This repository contains the files that implements the solution, run_analysis.R, for the course project for Getting and Cleaning Data course on Coursera.
The R script, run_analysis.R, is the script that implements the solution for the course project.
The script should be placed at the same level of the unzipped "UCI HAR Dataset" folder in order to run properly.
To run the script, you have to have the working director set at the folder where the script and data set folder is located. Then use source function in R to source and run the script.
The script will perform the following tasks:
- Read the train, test, subject, features and activity label text files.
- Match activity label with the y train and y test dataset with join.
- Add the subjects, activity labels as new columns with corresponding train and test data.
- Combine the train and test datasets together with the new columns.
- Use regex to filter the features to identify the mean and standard deviation measurement column indices.

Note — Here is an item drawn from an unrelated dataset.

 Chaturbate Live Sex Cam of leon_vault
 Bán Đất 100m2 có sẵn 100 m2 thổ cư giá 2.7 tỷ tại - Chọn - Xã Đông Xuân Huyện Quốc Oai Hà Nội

- Then use the column indices to filter out unwanted data on the complete dataset.
- Perform average on all the mean and standard deviation features grouped by suject and activity column. The tidy dataset is the result dataset.
- Write the tidy dataset into text file.
At the end, he script will generate a text file named, tidyData.txt, which contains the result dataset that is submitted for the project and meets the principles of:
- Each variable forms a column.
- Each observation forms a row.
- Each type of observational unit forms a table.

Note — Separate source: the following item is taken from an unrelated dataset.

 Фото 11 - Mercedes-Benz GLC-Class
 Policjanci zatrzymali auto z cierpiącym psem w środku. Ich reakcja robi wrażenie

(Hadley Wickham. Tidy data. The Journal of Statistical Software, vol. 59, 2014.)
There is a file named Codebook.md which contains the sutdy design carried out while implementing the solution and a code book section which describes the variables of the tidy dataset that is produced by the run_analysis.R script.
The tidy dataset is of wide structure. As the project requires the tidy dataset to contain the average of each feature for each activity and each subject. The structure of the tiday dataset starts with the first column being the subject then the activity column and followed by all the averaged mean and standard deviation features.

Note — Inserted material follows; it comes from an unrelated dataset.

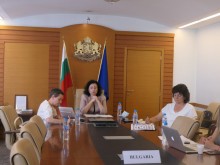 Министърът: Държим на обвързаната подкрепа и преходната помощ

The code book will describe what each column means, the type and unit of each feature.
To read the tidy dataset in R, please follow the below steps:
- Right click on a file name in the submission box and copy the file URL.
- Use the below scripts in R to view the data. Remember to replace XXURLXX with the copied URL of the tidy dataset file.
address <- "XXURLXX"
address <- sub("^https", "http", address)
data <- read.table(url(address), header = TRUE)
View(data)